My Bachmann Climax never had any problem running on R1 curves - even R1 reverse curves with no straight section between them (something my Bachmann Shay didn't like). I don't think you'll have any problem. Do make sure you get the rear driveline fix if the loco doesn't have it already.


----------



## pete (Jan 2, 2008)

Dwight thank you for your response it helps alot. Like i said in my question i have made one costly mistake and did not want to repeat it again. Thanks again.


----------



## pete (Jan 2, 2008)

Dwight what do you mean by get the rear drive fixed.


----------



## paintjockey (Jan 3, 2008)

Is this NOGRS Pete? 
If so, Pete this is Terry.
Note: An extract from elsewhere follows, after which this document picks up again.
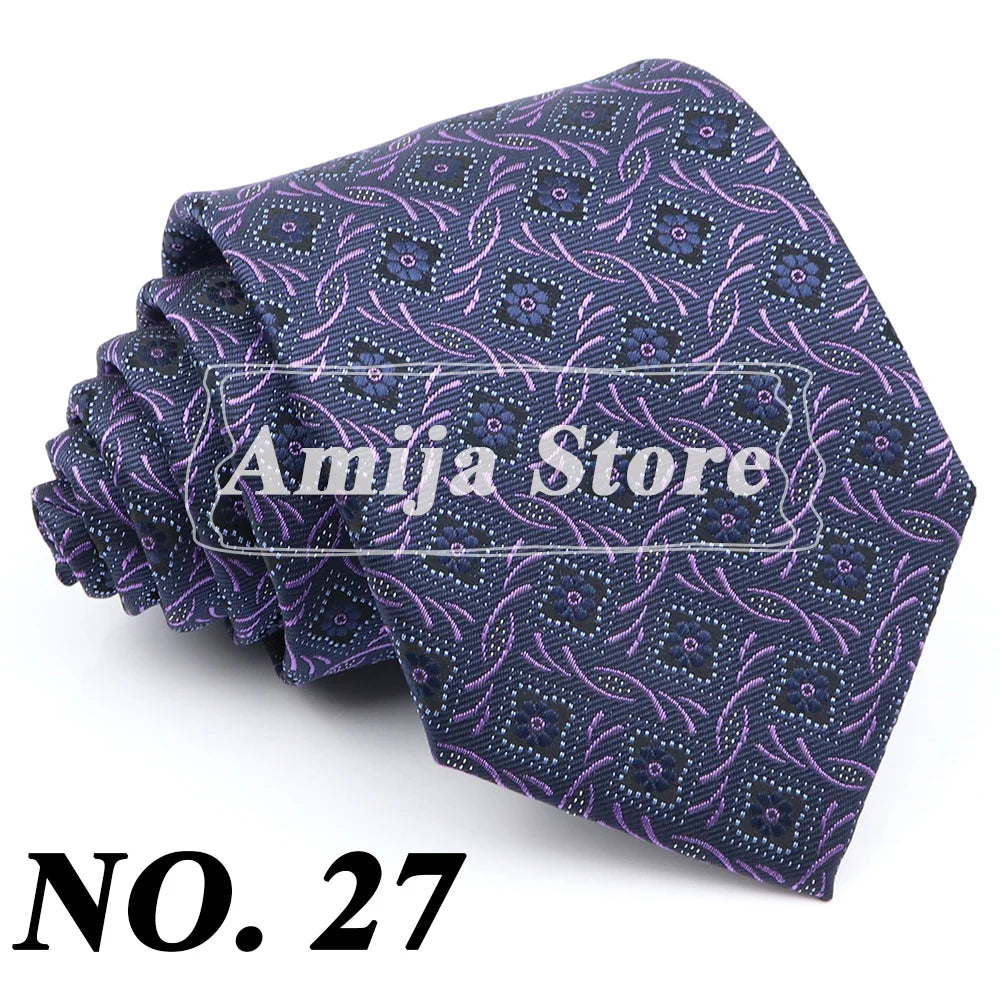 New Men's Formal Tie Striped Blue Gray Necktie 8cm Wide Tie Gift For Man Office Wedding Party Cravat Man Accessories Daily Wear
You are welcome to run my Climax first if you want to see if it can make it through your layout. The drive line fix Dwight is referring to is a slipjoint they put on the rear drive shaft in case the front and rear truck are not running equally it won't allow the drive shaft to bind up. 

Terry


----------



## pete (Jan 2, 2008)

Hi Terry yep it,s me and thanks for the offer


----------



## Dwight Ennis (Jan 2, 2008)

Dwight what do you mean by get the rear drive fixed.The Climax as first delivered had a solid rear drive shaft. This could cause the drive mechanism to bind up and lock up the trucks, which in turn caused things to heat up. Often the result was melting of the plastic around the truck power connections at the bolster. Bachmann's fix was a new rear drive shaft that incorporated a slip joint, allowing enough slip in the drive line to avoid locking things up.


----------



## Steve Stockham (Jan 2, 2008)

To add a little more info, the Climax has two power blocks that are _supposed_ to be interconnected according to Bachmann advertising of the time......but they're not! Each one gets it's power from the eight wheels with plunger style spring w/ball bearing power pick-ups. A problem (small one) that developed was when the engine had a sound system and was hauling a heavy load it also was drawing some heavy amperage and this was causing the springs in the power pick-ups to over-heat and thus cause the springs to lose some of their tension. This loss of tensile strength allowed for weak or no conductivity which led to intermittent power. It was not unusual to see your Climax trying to go up a hill with only one power truck actually moving! Replacing the springs with more robust ones was the recommended solution if you wanted to remain track powered. Otherwise, battery r/c was recommended as a viable alternative (which is what I did.) The Climax is a cute but small logging "lokie" which has NO problem navigating R1 curves!


----------



## George Schreyer (Jan 16, 2009)

see link for details of the problems that a new Climax may have and what to do about them 

http://www.girr.org/girr/tips/tips5/climax_tips.html


----------



## Dwight Ennis (Jan 2, 2008)

And a little more... Dave Goodson had great results by bypassing the bolster power pickups altogether and hard-wiring the trucks directly using small gauge flexible stranded lead.


----------



## pete (Jan 2, 2008)

Once again thanks for all the information.I found acouple of climax engines on ebay but they have no sound also no return policy.Nichlos Smith has them at $499 with phoenix sound. What to do???


----------



## blueregal (Jan 3, 2008)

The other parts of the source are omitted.